PROBLEM STATEMENT: Set down all of the lines below exactly as they are given.

START INPUT RECORDS

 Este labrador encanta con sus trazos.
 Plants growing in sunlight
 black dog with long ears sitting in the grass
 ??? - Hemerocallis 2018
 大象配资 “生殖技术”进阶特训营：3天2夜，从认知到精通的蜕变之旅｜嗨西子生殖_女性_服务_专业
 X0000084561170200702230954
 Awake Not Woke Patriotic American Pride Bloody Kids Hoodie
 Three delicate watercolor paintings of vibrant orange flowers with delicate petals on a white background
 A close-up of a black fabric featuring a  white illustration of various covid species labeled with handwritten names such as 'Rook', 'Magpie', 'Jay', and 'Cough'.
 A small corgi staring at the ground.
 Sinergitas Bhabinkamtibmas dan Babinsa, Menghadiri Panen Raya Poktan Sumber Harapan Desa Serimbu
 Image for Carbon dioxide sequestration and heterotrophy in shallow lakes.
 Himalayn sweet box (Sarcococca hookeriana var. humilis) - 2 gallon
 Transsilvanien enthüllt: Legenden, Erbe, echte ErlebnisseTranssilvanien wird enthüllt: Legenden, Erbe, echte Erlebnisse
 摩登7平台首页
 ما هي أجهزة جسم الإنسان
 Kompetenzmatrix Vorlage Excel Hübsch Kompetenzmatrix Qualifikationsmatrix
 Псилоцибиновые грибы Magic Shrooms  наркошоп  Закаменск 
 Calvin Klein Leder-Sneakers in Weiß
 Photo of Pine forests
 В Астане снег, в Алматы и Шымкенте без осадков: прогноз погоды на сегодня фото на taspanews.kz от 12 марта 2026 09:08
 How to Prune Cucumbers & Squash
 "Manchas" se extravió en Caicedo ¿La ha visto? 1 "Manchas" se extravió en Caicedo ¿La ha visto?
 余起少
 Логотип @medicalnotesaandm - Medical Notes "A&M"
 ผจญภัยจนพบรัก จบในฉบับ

END INPUT RECORDS

ANSWER TO THE PROBLEM:
 Este labrador encanta con sus trazos.
 Plants growing in sunlight
 black dog with long ears sitting in the grass
 ??? - Hemerocallis 2018
 大象配资 “生殖技术”进阶特训营：3天2夜，从认知到精通的蜕变之旅｜嗨西子生殖_女性_服务_专业
 X0000084561170200702230954
 Awake Not Woke Patriotic American Pride Bloody Kids Hoodie
 Three delicate watercolor paintings of vibrant orange flowers with delicate petals on a white background
 A close-up of a black fabric featuring a  white illustration of various covid species labeled with handwritten names such as 'Rook', 'Magpie', 'Jay', and 'Cough'.
 A small corgi staring at the ground.
 Sinergitas Bhabinkamtibmas dan Babinsa, Menghadiri Panen Raya Poktan Sumber Harapan Desa Serimbu
 Image for Carbon dioxide sequestration and heterotrophy in shallow lakes.
 Himalayn sweet box (Sarcococca hookeriana var. humilis) - 2 gallon
 Transsilvanien enthüllt: Legenden, Erbe, echte ErlebnisseTranssilvanien wird enthüllt: Legenden, Erbe, echte Erlebnisse
 摩登7平台首页
 ما هي أجهزة جسم الإنسان
 Kompetenzmatrix Vorlage Excel Hübsch Kompetenzmatrix Qualifikationsmatrix
 Псилоцибиновые грибы Magic Shrooms  наркошоп  Закаменск 
 Calvin Klein Leder-Sneakers in Weiß
 Photo of Pine forests
 В Астане снег, в Алматы и Шымкенте без осадков: прогноз погоды на сегодня фото на taspanews.kz от 12 марта 2026 09:08
 How to Prune Cucumbers & Squash
 "Manchas" se extravió en Caicedo ¿La ha visto? 1 "Manchas" se extravió en Caicedo ¿La ha visto?
 余起少
 Логотип @medicalnotesaandm - Medical Notes "A&M"
 ผจญภัยจนพบรัก จบในฉบับ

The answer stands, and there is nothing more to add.